WORK TO BE COMPLETED - Look through the entries below for the line with "massage ayurveda srilanka wellness" and the line with "Taza de cerámica", then give again exactly those two lines and all lines between them, minus the pictures.

AVAILABLE DATA -
■ ■ ■ ■

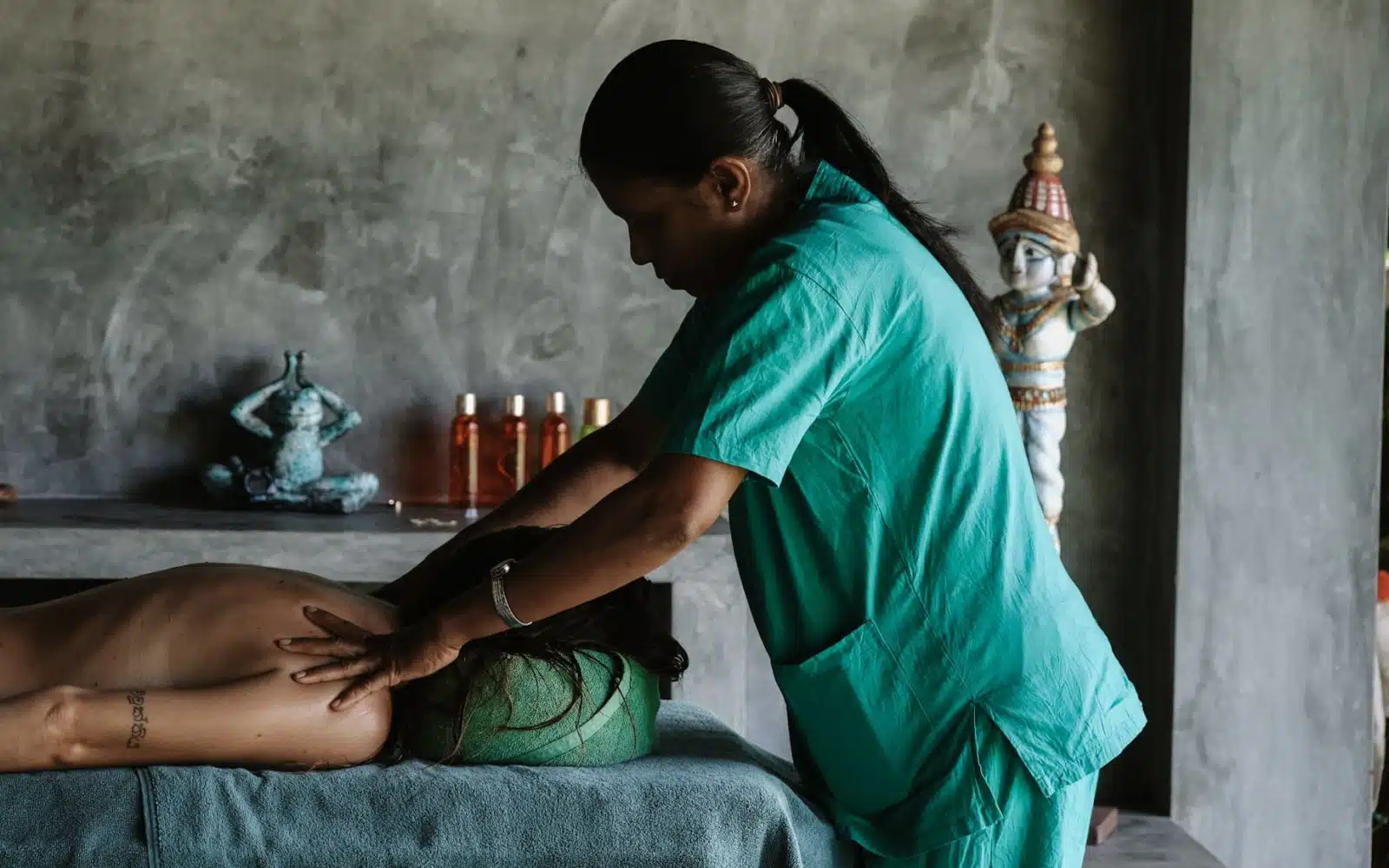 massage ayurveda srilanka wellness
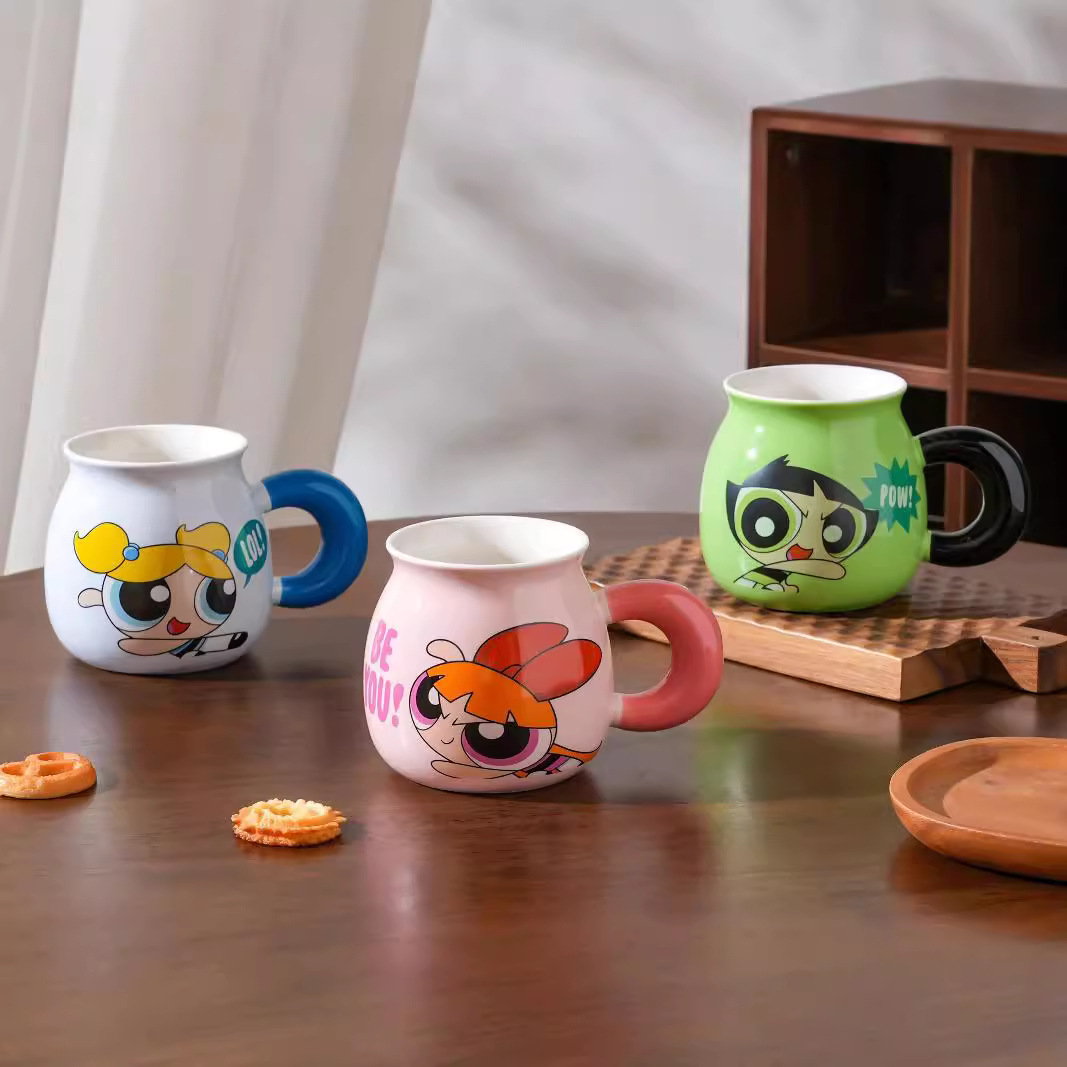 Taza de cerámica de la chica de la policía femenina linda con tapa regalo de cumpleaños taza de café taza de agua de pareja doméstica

■ ■ ■ ■

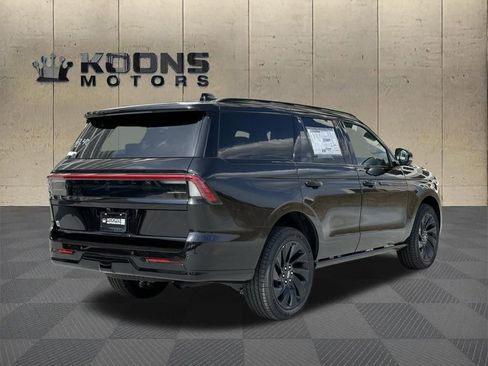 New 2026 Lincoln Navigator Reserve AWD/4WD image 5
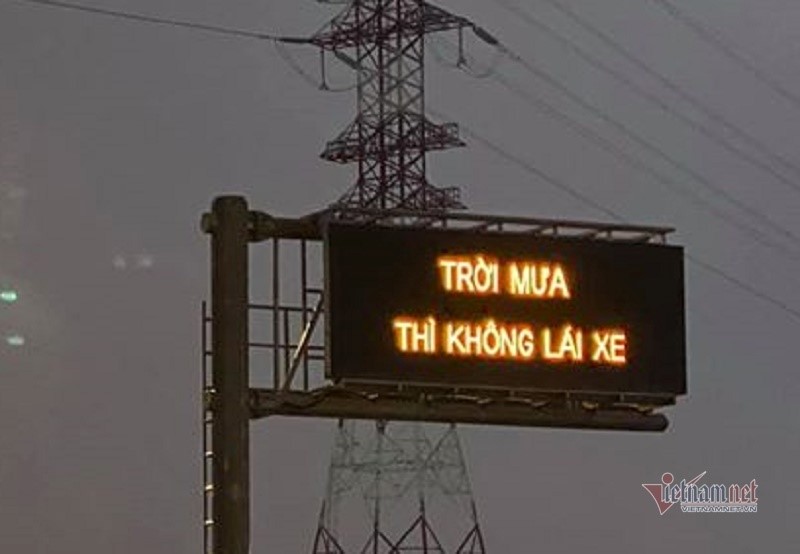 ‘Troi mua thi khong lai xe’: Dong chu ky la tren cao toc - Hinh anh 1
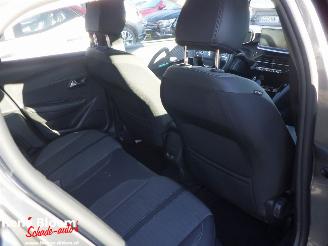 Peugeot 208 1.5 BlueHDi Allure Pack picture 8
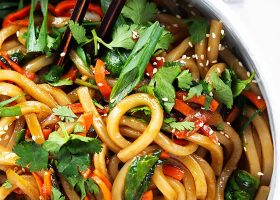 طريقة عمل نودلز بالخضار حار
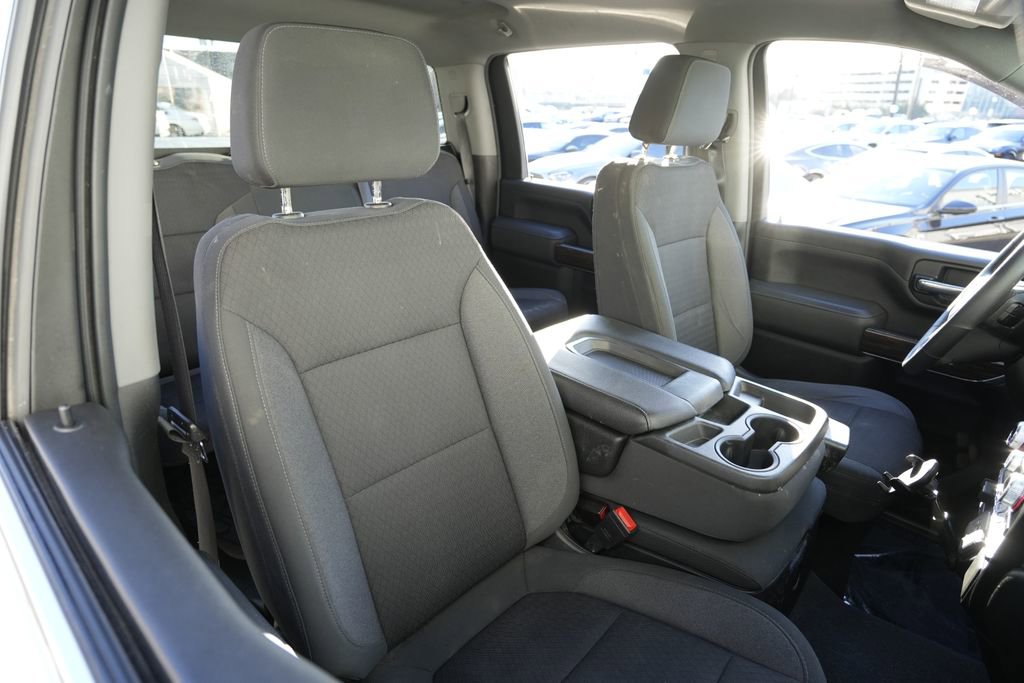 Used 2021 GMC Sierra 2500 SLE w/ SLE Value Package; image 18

■ ■ ■ ■

SOLUTION FOR THIS TASK -
 massage ayurveda srilanka wellness
 Taza de cerámica de la chica de la policía femenina linda con tapa regalo de cumpleaños taza de café taza de agua de pareja doméstica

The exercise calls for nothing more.